• _ACTION ITEM_
Excluding any images, copy all of the lines below precisely as written.

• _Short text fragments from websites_
# # # # #
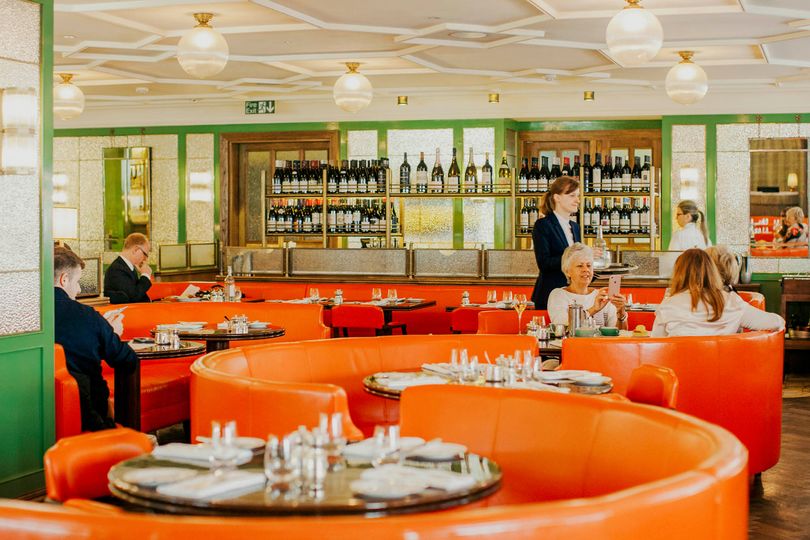 Stylish burnt-orange booths are a luxurious respite inside Fortnum & Mason’s famed department store.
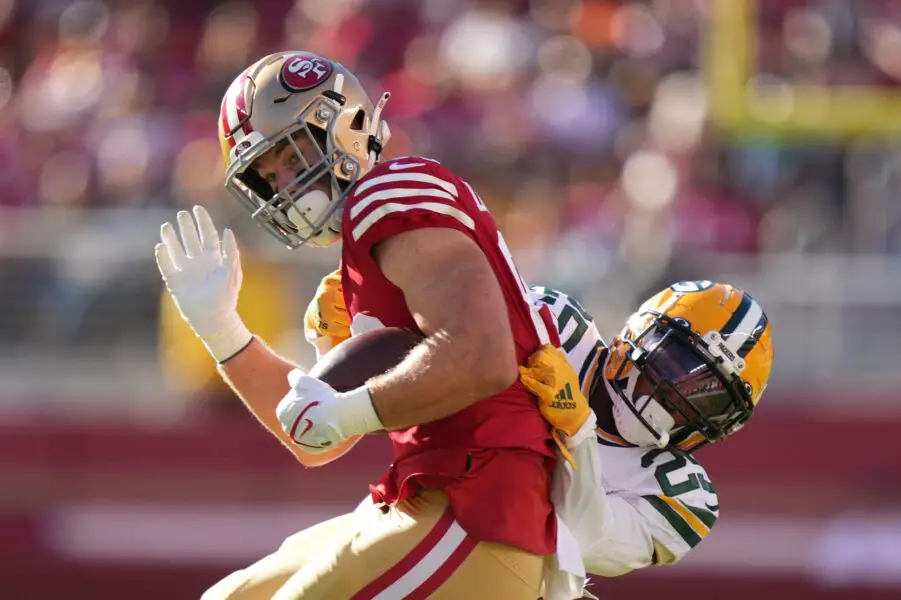 August 12, 2022; Santa Clara, California, USA; San Francisco 49ers tight end Ross Dwelley (82) is tackled by Green Bay Packers cornerback Keisean Nixon (25) during the first quarter at Levi's Stadium. Mandatory Credit: Kyle Terada-USA TODAY Sports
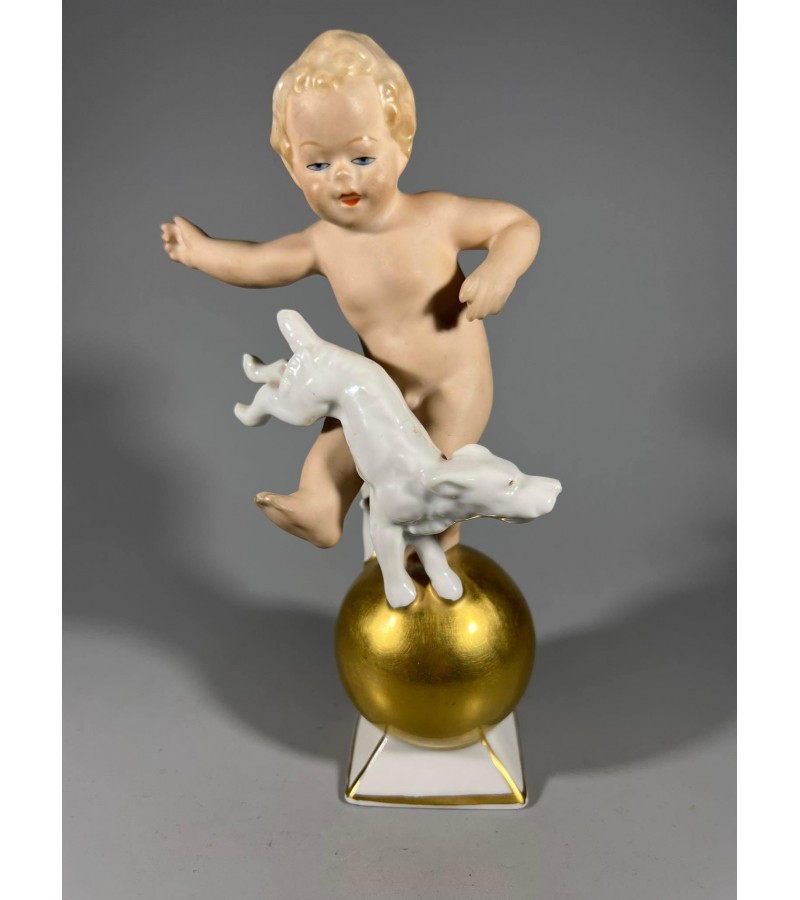Statulėlė porcelianinė, antikvarinė Berniukas Putti su šunimi. Porceliano manufaktūra Gerold & Co, Bavaria, Vokietija. XX a. vid. 1949 m. Kaina 73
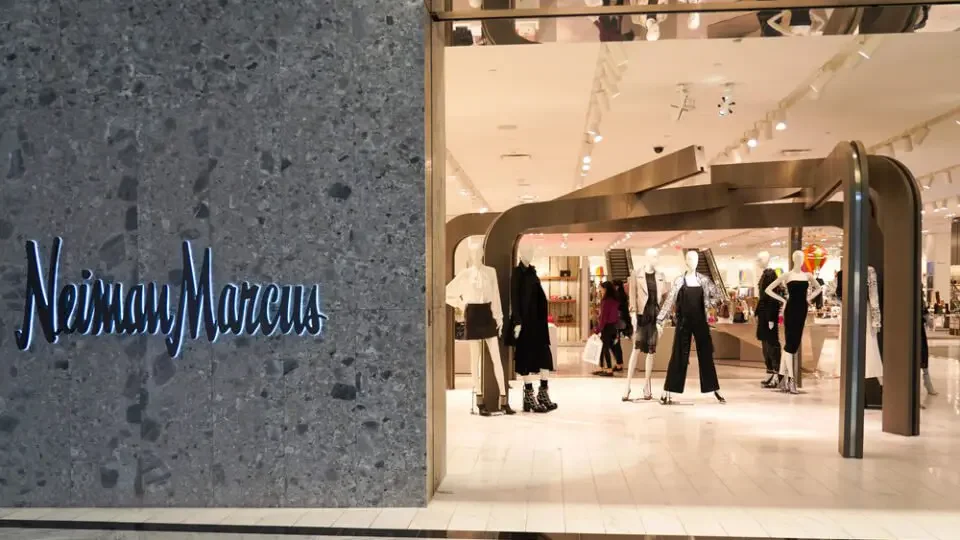 The entrance to a Neiman Marcus store with mannequins dressed in fashion apparel inside the store.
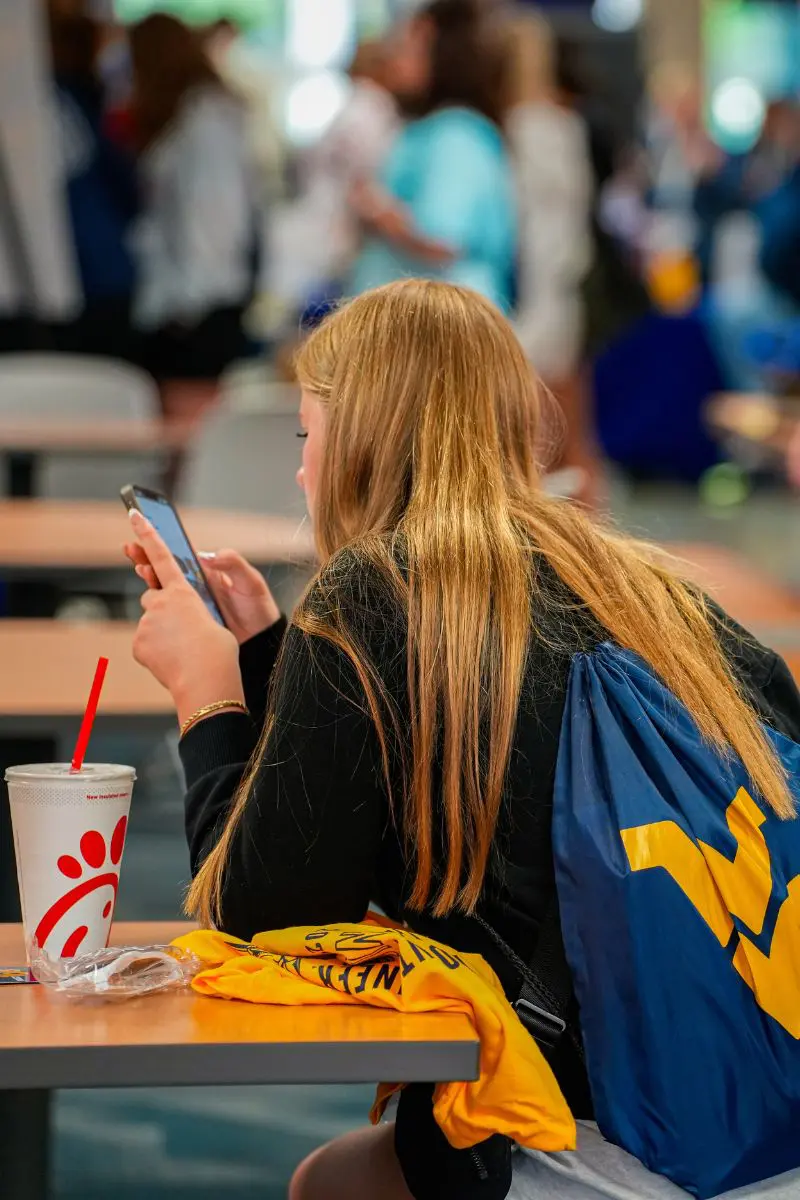 student on their cell phone in the dining hall
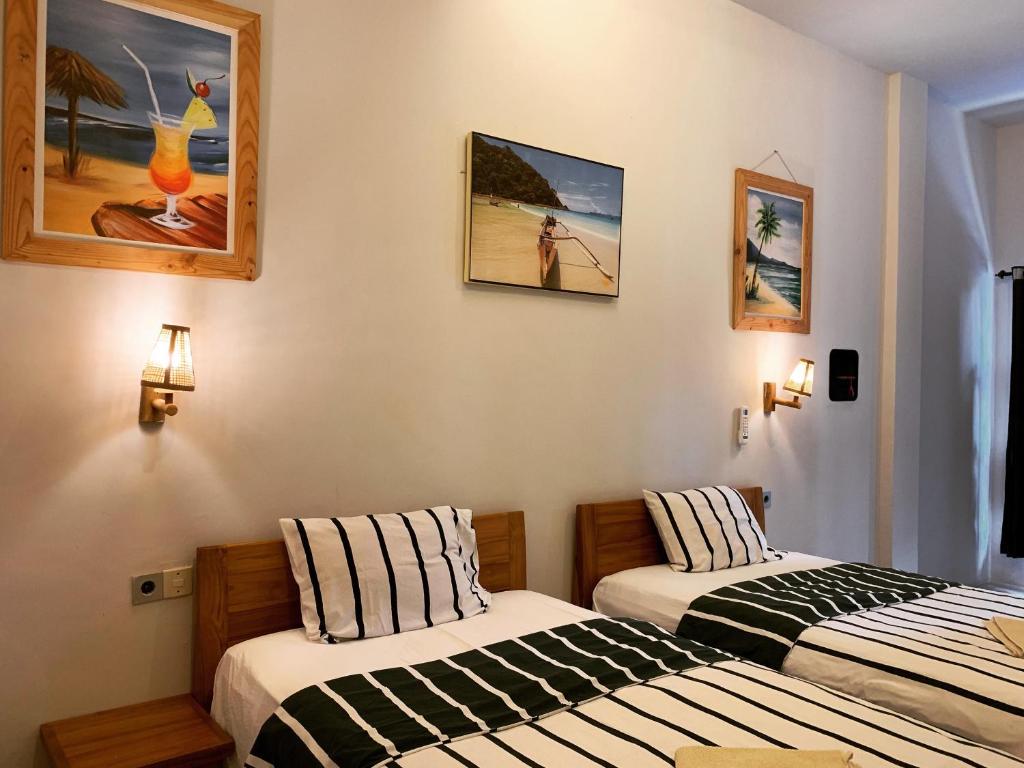 Postel nebo postele na pokoji v ubytování Lazy Inn Kuta Lombok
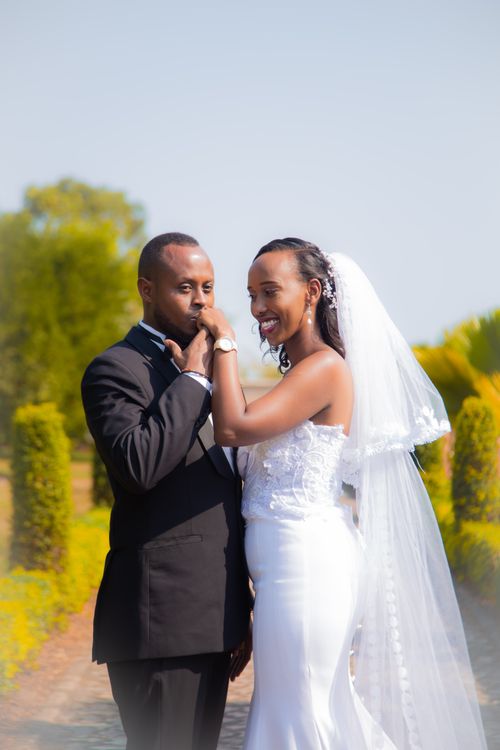 Free Elegant wedding couple posing in a lush garden, bride in white gown and groom in black suit. Stock Photo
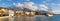 Sunny winter in Mediterranean town. Panoramic view of the embankment of Tivat city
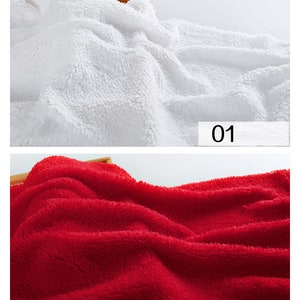 May include: Two fabric swatches, one white and one red. The fabric is soft and fluffy, resembling a plush material. The swatches are labeled "01" and "02".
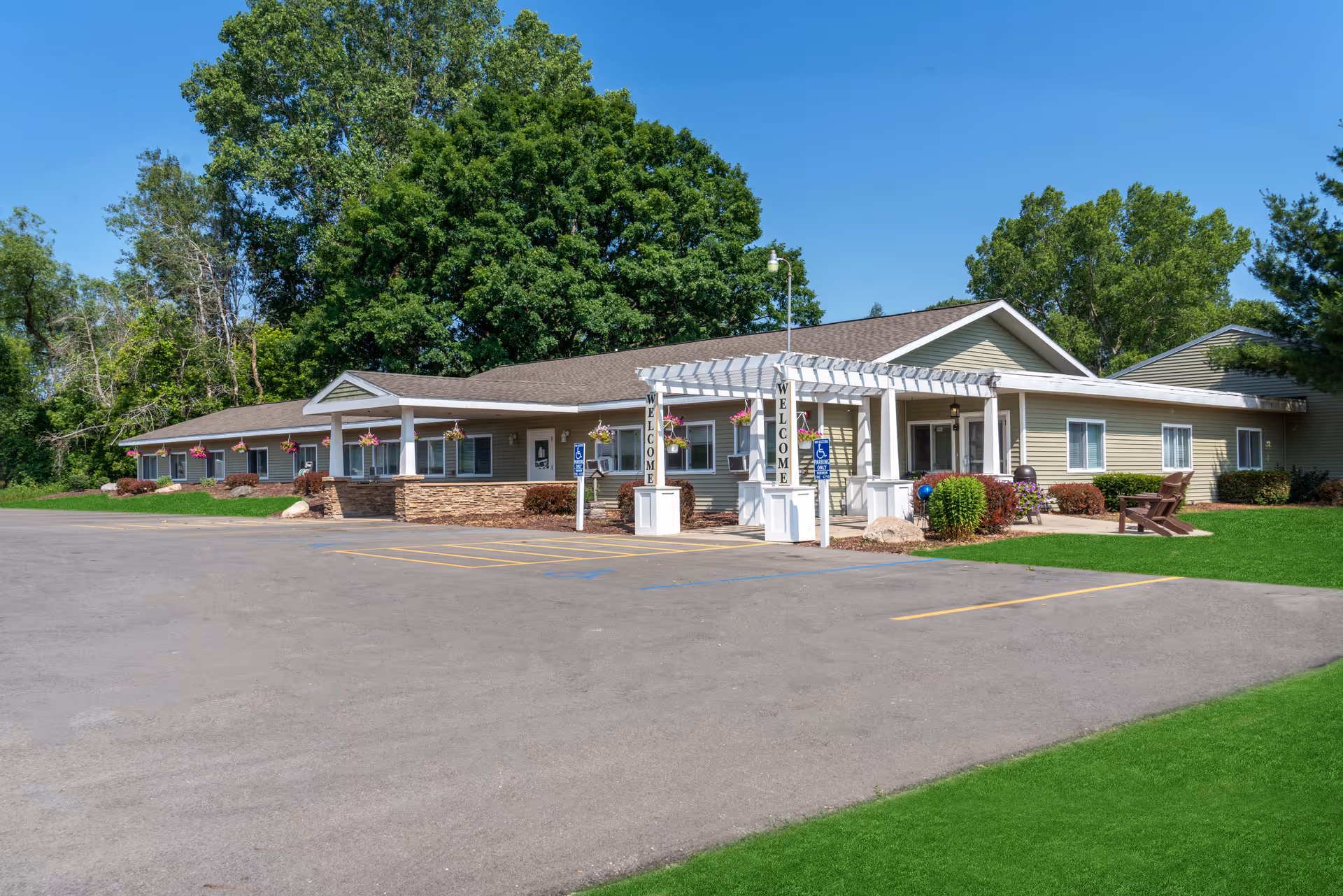 Exterior view of Americana Seniors facility: single-story building with covered entrance and manicured lawn.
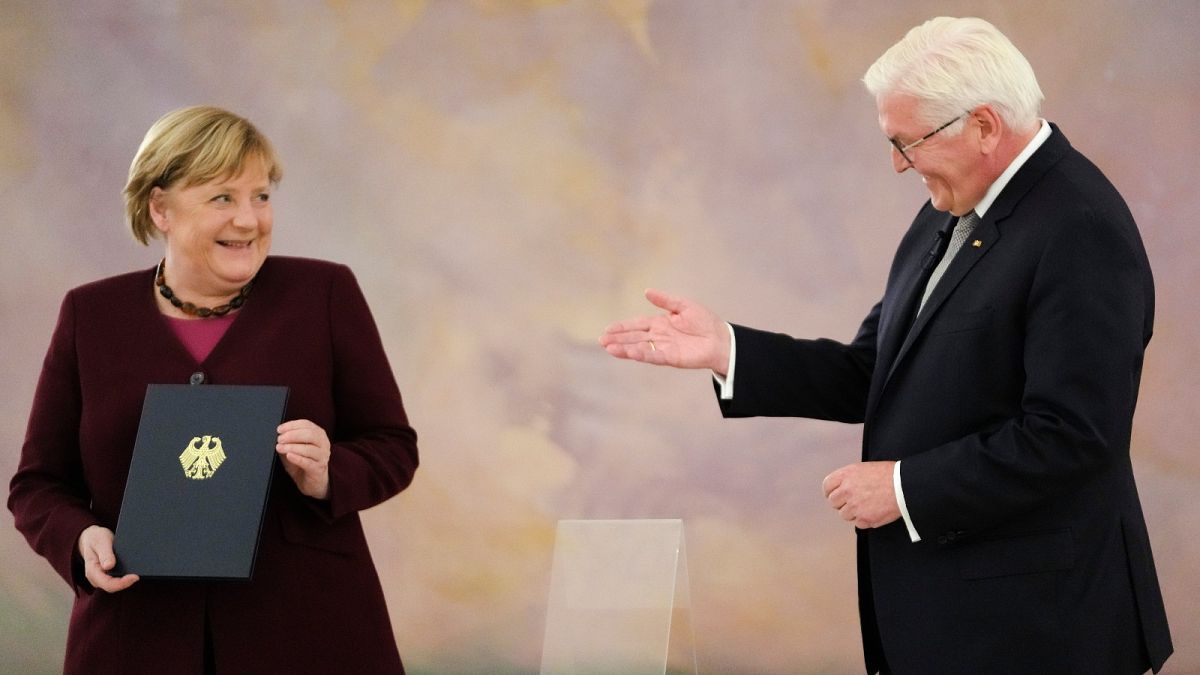 Angela Merkel received her formal dismissal certificate from the post of chancellor after 16 years in office.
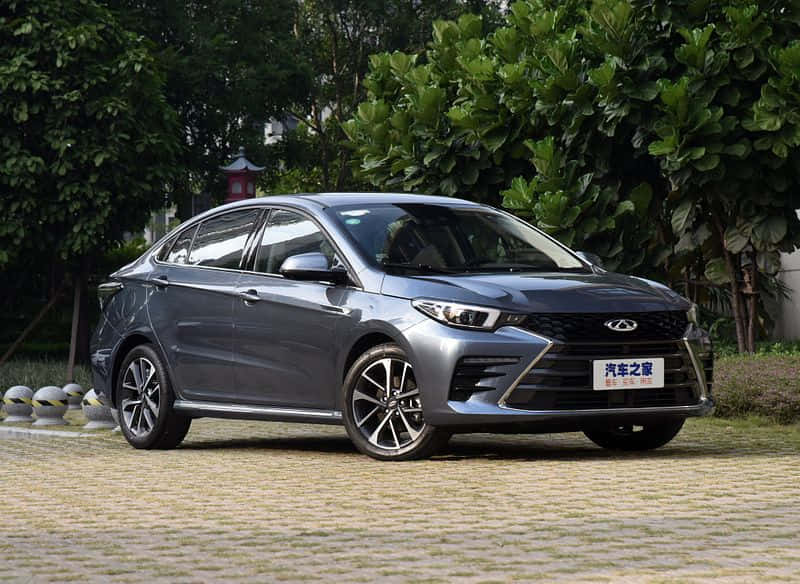 Sleek Chery Arrizo 5 Posed Against A Scenic Backdrop Wallpaper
# # # # #
• _PROBLEM SOLUTION_
 Stylish burnt-orange booths are a luxurious respite inside Fortnum & Mason’s famed department store.
 August 12, 2022; Santa Clara, California, USA; San Francisco 49ers tight end Ross Dwelley (82) is tackled by Green Bay Packers cornerback Keisean Nixon (25) during the first quarter at Levi's Stadium. Mandatory Credit: Kyle Terada-USA TODAY Sports
Statulėlė porcelianinė, antikvarinė Berniukas Putti su šunimi. Porceliano manufaktūra Gerold & Co, Bavaria, Vokietija. XX a. vid. 1949 m. Kaina 73
 The entrance to a Neiman Marcus store with mannequins dressed in fashion apparel inside the store.
 student on their cell phone in the dining hall
 Postel nebo postele na pokoji v ubytování Lazy Inn Kuta Lombok
 Free Elegant wedding couple posing in a lush garden, bride in white gown and groom in black suit. Stock Photo
 Sunny winter in Mediterranean town. Panoramic view of the embankment of Tivat city
 May include: Two fabric swatches, one white and one red. The fabric is soft and fluffy, resembling a plush material. The swatches are labeled "01" and "02".
 Exterior view of Americana Seniors facility: single-story building with covered entrance and manicured lawn.
 Angela Merkel received her formal dismissal certificate from the post of chancellor after 16 years in office.
 Sleek Chery Arrizo 5 Posed Against A Scenic Backdrop Wallpaper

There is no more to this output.